Moms

Sweetness and Sorrow

Tammy Garlock’s son Brian was killed in a automobile accident on June 12, 2008.
Tammy Garlock’s son Brian was killed in a automobile accident on June 12, 2008.

I can always tell when the darkness is descending... An off-beat comment thrown my way coupled with a subtle change in tone and I know where we are about to go…

There are no outward signs of scarring, nothing visible to the naked eye… Nevertheless, the burden of our loss is always there, just below the surface of what we allow the world to see…

It has been eight long years since Brian left us, though at times it feels like yesterday…when I catch a glimpse of John, trying to swipe the tears from his face before I notice…when Beth continues to question “Why him and not me?” as if her borrowing his car on that terrible day would have resulted in changed places…or when Grace suddenly bolts from our presence, cutting her visit short for no apparent reason other than too much togetherness, being too close for too long…

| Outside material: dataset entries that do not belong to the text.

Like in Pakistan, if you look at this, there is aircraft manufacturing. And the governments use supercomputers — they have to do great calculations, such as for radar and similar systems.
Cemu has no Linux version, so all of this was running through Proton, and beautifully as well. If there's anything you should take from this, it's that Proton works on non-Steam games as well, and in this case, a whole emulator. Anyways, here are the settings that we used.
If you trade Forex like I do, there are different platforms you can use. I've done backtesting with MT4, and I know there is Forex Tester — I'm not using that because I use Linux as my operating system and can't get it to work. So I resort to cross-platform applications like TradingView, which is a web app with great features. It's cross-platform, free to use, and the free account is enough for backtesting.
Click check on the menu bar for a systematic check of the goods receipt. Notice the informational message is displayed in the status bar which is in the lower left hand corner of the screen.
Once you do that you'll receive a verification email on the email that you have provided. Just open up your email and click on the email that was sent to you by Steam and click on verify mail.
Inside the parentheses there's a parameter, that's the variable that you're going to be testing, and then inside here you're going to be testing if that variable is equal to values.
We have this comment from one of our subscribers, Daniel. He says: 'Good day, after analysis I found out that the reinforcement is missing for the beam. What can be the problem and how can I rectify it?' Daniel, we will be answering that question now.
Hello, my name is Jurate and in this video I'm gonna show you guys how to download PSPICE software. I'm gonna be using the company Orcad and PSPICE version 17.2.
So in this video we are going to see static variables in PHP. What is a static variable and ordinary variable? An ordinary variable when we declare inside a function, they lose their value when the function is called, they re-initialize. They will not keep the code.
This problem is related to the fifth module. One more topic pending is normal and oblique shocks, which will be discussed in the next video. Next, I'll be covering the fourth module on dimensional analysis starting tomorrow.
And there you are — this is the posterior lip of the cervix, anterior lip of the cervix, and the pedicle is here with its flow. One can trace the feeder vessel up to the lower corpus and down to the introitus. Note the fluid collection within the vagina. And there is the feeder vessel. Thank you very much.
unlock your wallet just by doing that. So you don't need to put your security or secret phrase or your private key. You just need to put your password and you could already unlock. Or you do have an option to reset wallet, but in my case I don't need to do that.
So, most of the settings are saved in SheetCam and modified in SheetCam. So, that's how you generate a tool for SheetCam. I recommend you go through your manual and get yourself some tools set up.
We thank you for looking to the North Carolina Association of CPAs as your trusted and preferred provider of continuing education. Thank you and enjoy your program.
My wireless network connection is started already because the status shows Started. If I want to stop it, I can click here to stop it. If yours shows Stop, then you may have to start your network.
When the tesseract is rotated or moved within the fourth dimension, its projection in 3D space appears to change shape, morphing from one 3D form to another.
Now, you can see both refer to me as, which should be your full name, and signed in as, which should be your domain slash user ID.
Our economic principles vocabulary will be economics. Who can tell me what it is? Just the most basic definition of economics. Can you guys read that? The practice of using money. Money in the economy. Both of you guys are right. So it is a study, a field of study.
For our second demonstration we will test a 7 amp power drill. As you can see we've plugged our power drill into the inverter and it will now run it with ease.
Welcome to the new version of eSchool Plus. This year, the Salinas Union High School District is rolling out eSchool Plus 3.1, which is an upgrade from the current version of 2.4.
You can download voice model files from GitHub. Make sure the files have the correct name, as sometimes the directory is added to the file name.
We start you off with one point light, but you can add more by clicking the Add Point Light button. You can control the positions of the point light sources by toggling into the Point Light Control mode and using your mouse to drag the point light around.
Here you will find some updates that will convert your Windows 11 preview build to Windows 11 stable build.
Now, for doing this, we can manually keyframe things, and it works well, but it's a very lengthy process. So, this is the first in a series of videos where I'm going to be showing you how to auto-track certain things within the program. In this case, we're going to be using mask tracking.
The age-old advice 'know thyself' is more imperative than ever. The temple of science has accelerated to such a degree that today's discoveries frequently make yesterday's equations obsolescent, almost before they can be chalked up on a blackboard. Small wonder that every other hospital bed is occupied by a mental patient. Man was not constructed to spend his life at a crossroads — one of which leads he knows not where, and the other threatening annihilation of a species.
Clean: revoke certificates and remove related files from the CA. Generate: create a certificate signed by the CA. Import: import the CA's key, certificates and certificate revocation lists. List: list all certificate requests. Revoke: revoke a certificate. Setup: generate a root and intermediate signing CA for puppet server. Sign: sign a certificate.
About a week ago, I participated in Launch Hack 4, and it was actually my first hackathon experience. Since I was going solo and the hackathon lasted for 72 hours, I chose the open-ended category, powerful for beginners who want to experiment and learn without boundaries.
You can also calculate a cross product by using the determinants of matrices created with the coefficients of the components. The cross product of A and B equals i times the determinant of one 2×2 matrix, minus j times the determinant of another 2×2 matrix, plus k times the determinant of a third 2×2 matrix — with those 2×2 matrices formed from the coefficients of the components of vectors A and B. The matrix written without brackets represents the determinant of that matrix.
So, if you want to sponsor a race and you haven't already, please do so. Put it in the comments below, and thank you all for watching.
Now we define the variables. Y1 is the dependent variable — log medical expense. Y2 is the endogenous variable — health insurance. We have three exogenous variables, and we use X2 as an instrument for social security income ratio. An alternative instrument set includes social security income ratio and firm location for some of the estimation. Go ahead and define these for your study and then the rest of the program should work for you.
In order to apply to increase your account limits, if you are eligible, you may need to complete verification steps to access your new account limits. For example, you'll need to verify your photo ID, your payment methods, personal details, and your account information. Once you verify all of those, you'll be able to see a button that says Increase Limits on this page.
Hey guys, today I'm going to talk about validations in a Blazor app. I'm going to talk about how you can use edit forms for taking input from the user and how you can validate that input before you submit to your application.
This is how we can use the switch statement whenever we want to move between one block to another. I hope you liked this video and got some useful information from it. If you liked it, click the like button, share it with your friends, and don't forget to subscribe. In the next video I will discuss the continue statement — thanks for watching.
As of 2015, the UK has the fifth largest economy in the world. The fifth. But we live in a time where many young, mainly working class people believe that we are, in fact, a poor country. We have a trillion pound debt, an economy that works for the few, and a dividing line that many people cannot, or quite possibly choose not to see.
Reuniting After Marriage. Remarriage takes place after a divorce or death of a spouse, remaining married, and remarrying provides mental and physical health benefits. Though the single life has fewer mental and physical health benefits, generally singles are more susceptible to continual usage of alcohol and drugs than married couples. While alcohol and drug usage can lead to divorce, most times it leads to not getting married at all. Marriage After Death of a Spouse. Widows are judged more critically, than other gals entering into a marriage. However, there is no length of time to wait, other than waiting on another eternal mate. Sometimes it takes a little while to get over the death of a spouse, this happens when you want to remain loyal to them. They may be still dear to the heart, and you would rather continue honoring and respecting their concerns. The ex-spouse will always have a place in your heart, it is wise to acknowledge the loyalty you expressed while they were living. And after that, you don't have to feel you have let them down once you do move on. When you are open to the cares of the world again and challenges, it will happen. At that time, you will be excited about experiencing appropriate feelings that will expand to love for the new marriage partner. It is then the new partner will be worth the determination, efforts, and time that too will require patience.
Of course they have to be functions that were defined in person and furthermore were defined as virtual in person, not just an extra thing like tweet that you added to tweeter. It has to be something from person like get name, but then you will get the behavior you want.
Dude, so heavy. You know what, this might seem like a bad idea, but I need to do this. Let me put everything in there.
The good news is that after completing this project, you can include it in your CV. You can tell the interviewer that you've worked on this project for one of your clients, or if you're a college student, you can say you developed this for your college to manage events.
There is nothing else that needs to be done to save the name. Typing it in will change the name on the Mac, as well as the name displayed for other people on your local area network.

We have yet to find any sweetness in the middle days of June, though I continue to pray someday we will be able to do so. In 2008, Brian’s accident, John’s birthday, Brian’s funeral and Father’s day all lined up in an excruciating row; thankfully, this last happened in 2014 and it won’t fall exactly this way again until the year 2025. John still refuses to celebrate his birthday…I don’t know if that will ever change, but I do see a glimmer of hope for Father’s day-as long as the dates don’t align.

At other times-ordinary days unmarked by a particular occasion-we are sometimes able to think of Brian and smile…John leaving the tea pitcher in the fridge with only a teaspoon of tea remaining…Grace and Beth cranking up the radio whenever one of Brian’s favorite songs comes on…or John pointing out my subconscious decision to pick every shred of purple cabbage out of salads, just like B used to do.

It is in the memory of everyday moments with Brian that we are finally able to find tiny sparkles of happiness to carry us along…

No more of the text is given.